Taking these thoughts further, does this API mean that the user is
less likely to delete messages? Will we get enormous mail databases
with items squirreled away in obscure categories? Do we need to give
the user tools to help him clean up the database?

Finally, there is one major piece missing from the above. What do we
do if the user wants to search for a word or phrase in the subject or
body of one of the messages? This is arguably the most useful
feature, yet it is not obviously provided by a database based message
store; it can just as easily be provided by a traditional email
datastore. So is the whole complex edifice described above useful
enough to warrant working on an implementation? If we can’t convince
the user to maintain and use the user attributes, the answer is
probably no.

Mail Client UI

In my opinion, defining the database and inventing some examples of
how it could be used is the easy bit. The UI is another matter
entirely. After all, we can have the most advanced database in the
world, but it will not be used unless the interface to it is simple
and intuitive. User interface design is not my strong point, so I won’t belabor this
issue, but I’d like to briefly suggest some approaches that I think
might be fruitful.

First of all, we should define the problem: There are three aspects of the UI to a database message store:

  • Schema modifications – introducing new attributes and attribute values.
  • Attribute maintenance – viewing/modifying an object’s attributes.
  • Specifying queries – using the attributes to find messages in the database.

Schema modifications are relatively straightforward. For example,
when adding an attribute to the schema, the user just has to specify
an attribute name and type, and perhaps a set of allowed attribute
values for enumerated types. This is ideal material for a simple
wizard.

Attribute maintenance is slightly more tricky. Most attributes are
intrinsic to the email messages or maintained by the mail client itself,
so will never need to be updated by the user. Most of the rest can be
modified using straightforward UI widgets – message flag
attributes can be set via buttons or tickboxes, enumerated attributes
via selection boxes etc.

The message category is another matter. A typical user may want to
use many different categories, forming a deeply nested category tree.
In addition, he may want to assign two or three categories to a
message. This means that the usual solution – a drop-down
selection box – is probably not useful.

One option would be to allow the user to drag a message from a
“message list” panel to a “folder list” panel in analogy to the way he
would move a message into a folder in current mail clients. This is a
good solution, but does not make it obvious that multiple categories
can be assigned to the message. Also, many of the “folders” would be
like the virtual folders in current mail systems, so could not be used
as a target. So this interface may not be intuitive.
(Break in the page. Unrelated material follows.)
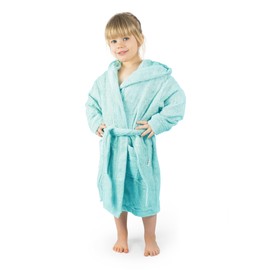 Ehrenkind® Children's Bathrobe with Hood 100% Organic Cotton | Children's Bathrobe | Perfect for Boy and Girl - Pool blue, size: 86-92
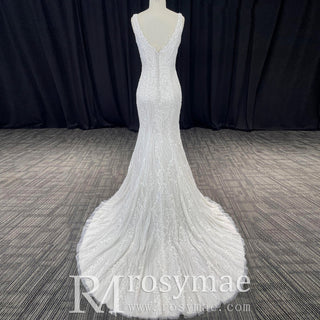 Deep V-Neck Glitter Lace Mermaid Wedding Dresses with Open Back - Rosymae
Another option would be a tree view of the available categories with
tick boxes adjacent to each category. Boxes would be ticked for each
category that the message was assigned to. This is the most complete
representation of the category information, but would be rather
tedious to use.

Another option would be a text entry box with autocompletion, like the
addressbar in a web browser. This would be good for typists, but
perhaps not so good for everyone else. I’m sure that there are many
other solutions too. This is one area where some experimentation may
be required to discover which one is best.

Finally, we come to the UI used to specify queries into the
database. Essentially, we want to create a UI component to replace
the “folder view” found in current email systems. This would be the
primary tool for finding messages in the database, so is the most
important component of the new mail client UI.

We can conceptually divide message location techniques into the following:

  • Find messages based on a few fundamental message properties, e.g.,
    • Recently arrived and uncategorized messages, i.e., an Inbox folder.
    • Messages queued up to be sent, i.e., an Outbox folder.
    • Messages currently being prepared i.e., a Drafts folder.
    • Messages marked as sent i.e., a Sent messages folder.
  • Find messages based on their category. As discussed above, this is the equivalent of the traditional folder hierarchy, and can be displayed as such.
  • Find messages based on message thread or other intrinsic or client attributes.

In addition we would want to include more DB-like interfaces for finding messages, e.g.,

  • Find messages using a query language.
  • Virtual folders that remember useful queries.

A fully featured query interface may be too difficult for a typical
user, but current DB query tools can be used as a guide.

One simple query interface hinted at above is the query tree; here
we build a hierarchy using simple attributes.
At each level of the hierarchy, the user selects which attribute to
use by, for example, clicking on an icon where the "[+]" and "[-]" icons
usually are in current folder browsers. Each time the icon is
clicked, the tree is expanded using a different attribute and the icon
is changed accordingly. Each entry in the expanded subtree
corresponds to one value of the chosen attribute.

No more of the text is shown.